Malgré ce pépin, la retraite n’étant pas loin, l’équilibre d’ensemble n’est pas menacé. D’autres bonheurs sont même à venir, avec l’anniversaire de mariage du couple : une fête chaleureuse dont le cadeau est un voyage au pied du Kilimandjaro. Un clin d’œil à la chanson sur laquelle ils se sont connus, dans les années 1960, et qu’enfants et petits-enfants entonnent avec émotion devant la pièce montée.

Mais le film bascule lors d’une tranquille soirée de cartes avec leurs plus proches : Denise, la sœur de Marie-Claire et son époux Raoul, beau-frère et meilleur ami de Michel. Deux jeunes font irruption dans la salle à manger avec armes et cagoules, les violentent et les détroussent de tout leur argent, billets du voyage inclus.
Ils sont encore sous le choc, chacun réagissant à sa manière, quand Michel découvre que l’un de leurs agresseurs, Christophe, est un ancien de la boîte, un jeune qui faisait partie des vingt licenciés. Et donc aussi, d’ailleurs, des invités de son anniversaire de mariage, puisqu’il y avait invité les dix-neuf autres malheureux tirés au sort.

La confrontation avec Christophe, qu’il considérait jusqu’alors comme l’un des leurs, est un coup de pied dans les repères de Michel. Il pense avoir agi de façon loyale et désintéressée en procédant à ce tirage auquel il s’était inclus. Il pense avoir mené toute. sa vie au sein du syndicat un combat juste, au service des plus faibles. Et voici que ce jeune ne lui renvoie que haine et mépris. Il y avait peut-être des voies plus équitables qu’un tirage au sort pour le choix des mis-sur-le-carreau ; vous croyez avoir mené de nobles combats, en réalité vous n’avez fait que vous embourgeoiser ; que laissez-vous à vos cadets ? Voilà ce que Christophe lui balance en substance, et avec une violence incroyable.

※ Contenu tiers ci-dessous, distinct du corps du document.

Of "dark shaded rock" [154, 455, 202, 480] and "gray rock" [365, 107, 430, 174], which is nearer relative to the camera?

Ici se dévoile le thème central du film, développé sans pudeur : le choc de deux générations. Et le gouffre entre les deux, malgré la bonne entente à première vue entre Marie-Claire et Michel et leurs propres enfants, va être de plus en plus manifeste.
Si le portrait de la classe ouvrière née après la guerre, de gauche et sûre du bien-fondé de ses croyances et de ses actions, est magnifiquement brossé, celui de la génération suivante, atomisée et moins évidente à restituer, l’est pourtant tout aussi magistralement. Christophe et sa jeune mère qui l’a abandonné (et ses deux frères avec), tous deux perdus, ne cherchent qu’à s’en sortir. La jeune amie de Christophe, gaie et généreuse, travaille de nuit. Chacun fait comme il peut pour subsister économiquement. Le comment, les valeurs, on en est plus là.
Même avec les enfants du couple, à l’épreuve des événements, des incompréhensions voient le jour. Jamais le fossé générationnel n’a semblé aussi abyssal.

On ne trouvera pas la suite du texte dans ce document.